Why Did I Just Buy That Zcash Mining Contract? - jrwit
https://medium.com/@cjremus/why-did-i-just-buy-that-zcash-mining-contract-f7700501dde4#.76swrcn2l
======
LordWinstanley
Ten minutes on bitcointalk.org would have shown you that it's almost certainly
a case of "Another day. Another cryptocoin release".

99.9999....% (recurring to infinity) of which make money for no-one but their
developer —who, after pumping and dumping their current coin, will be back in
a few months with another "But this time it's different!" release.

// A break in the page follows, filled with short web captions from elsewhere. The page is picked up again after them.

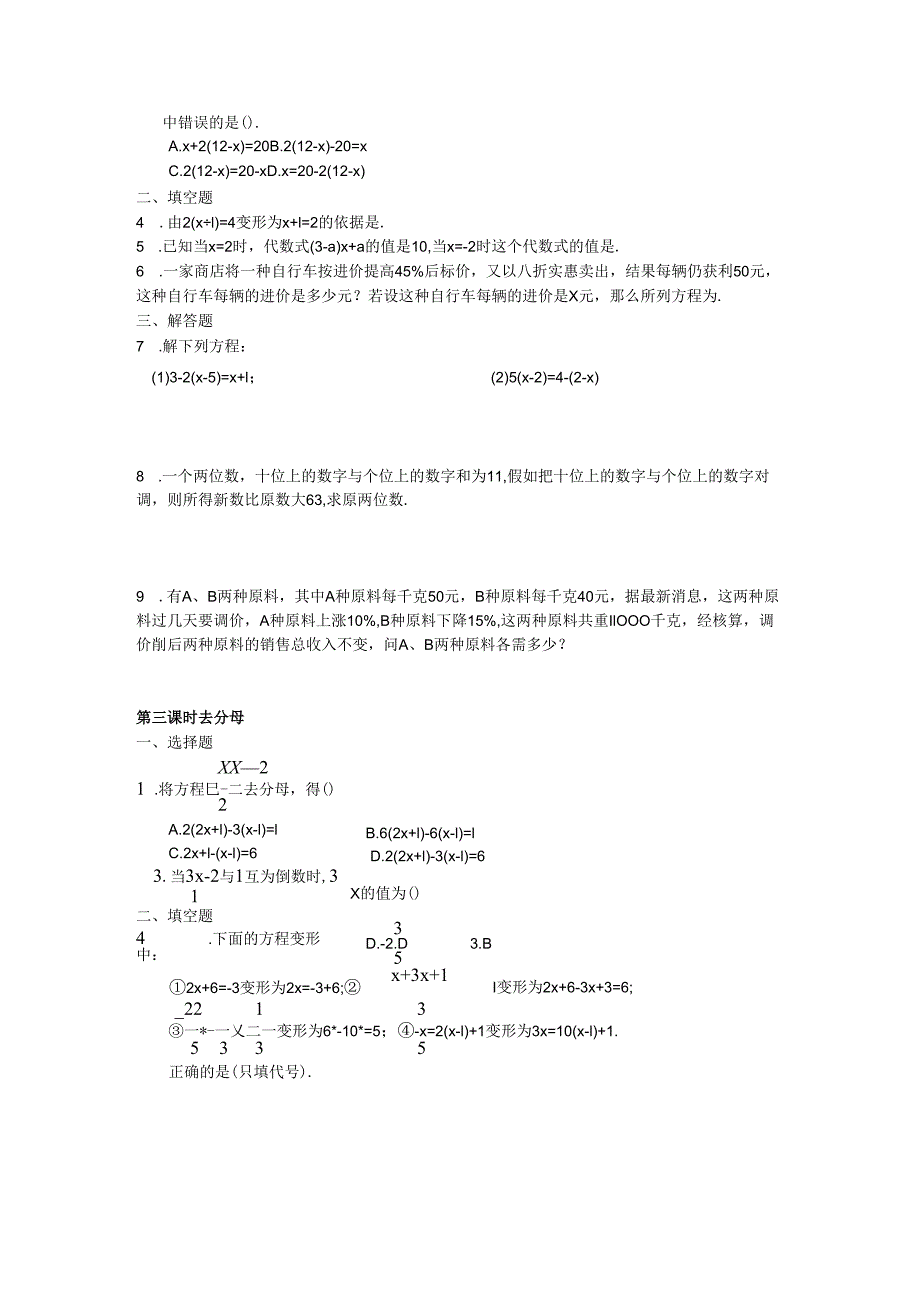 3.2 解一元一次方程课时练(人教新课标七年级上).docx_第2页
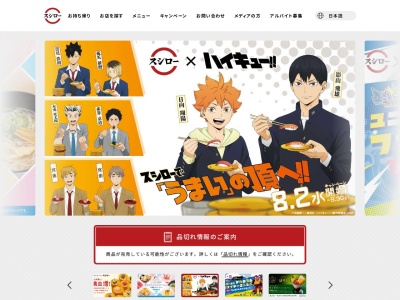 スシロー 時津店(日本、〒851-2108長崎県西彼杵郡時津町日並郷字火篭1320−103)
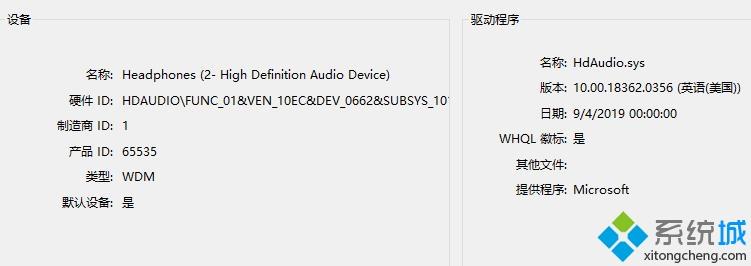 win10火炬之光2没声音如何修复？win10火炬之光2没声音的处理方法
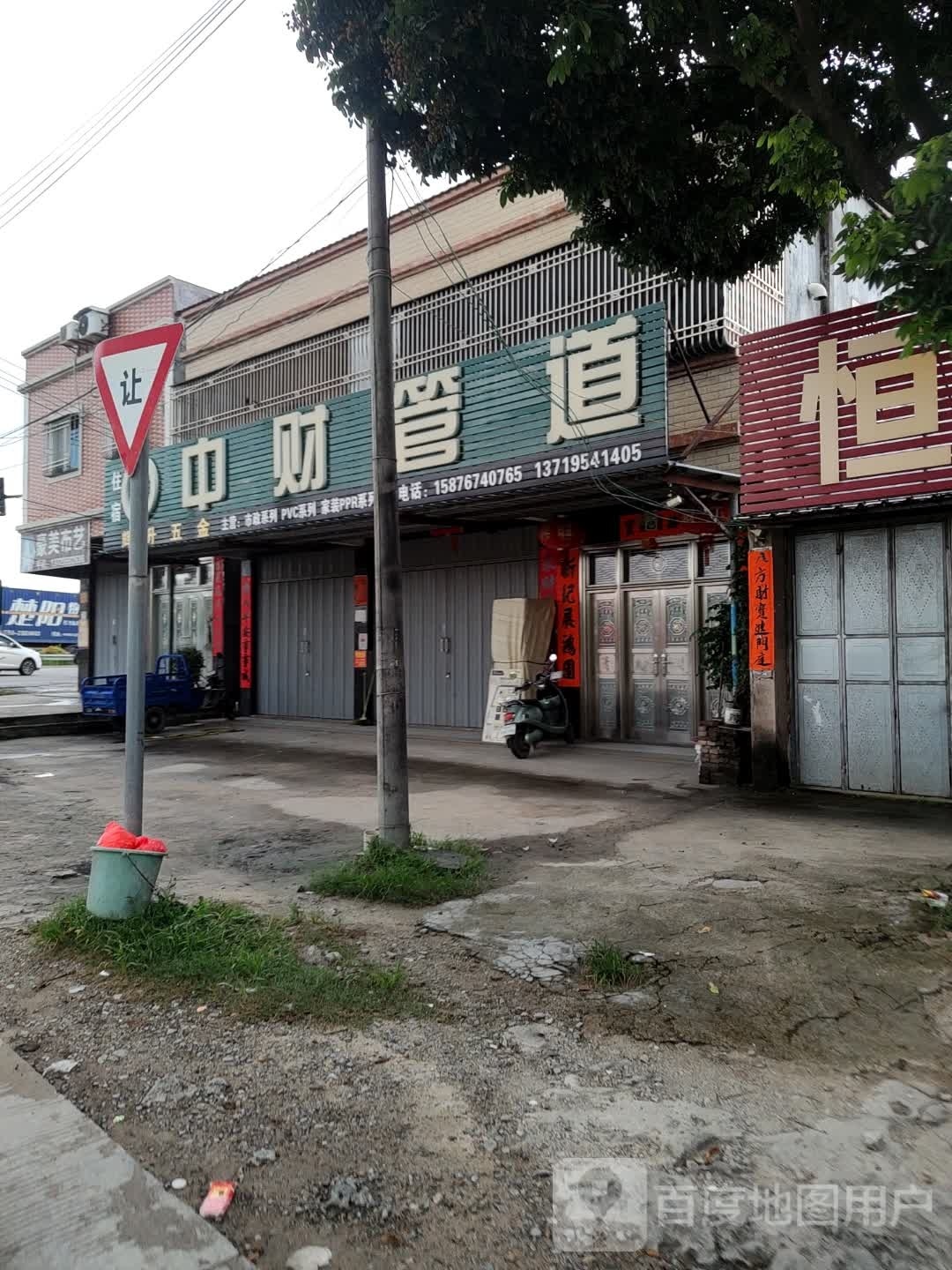 中财管道(G324店)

As far as cryptocoins go, there's only one game in town; Bitcoin.
Unfortunately most of us missed the boat on that one, as far as getting rich
quick goes. But it's the forlorn hope of getting in on the ground floor for
the 'next Bitcoin' that keeps speculators lining the pockets of the developers
of the literally hundreds of other BTC wannabes that have sprung up since.

Don't believe the hype!

Even if you do believe that hype, definitely don't believe in paid mining
contracts. Simple logical deduction will tell you that's a scam!

------
schoen
That was funny! I expected the post to explain why Zcash is a good investment,
an exciting technology, etc. But the author explains in some detail that,
indeed, he didn't really know what Zcash is and is genuinely unsure why he
bought the contract.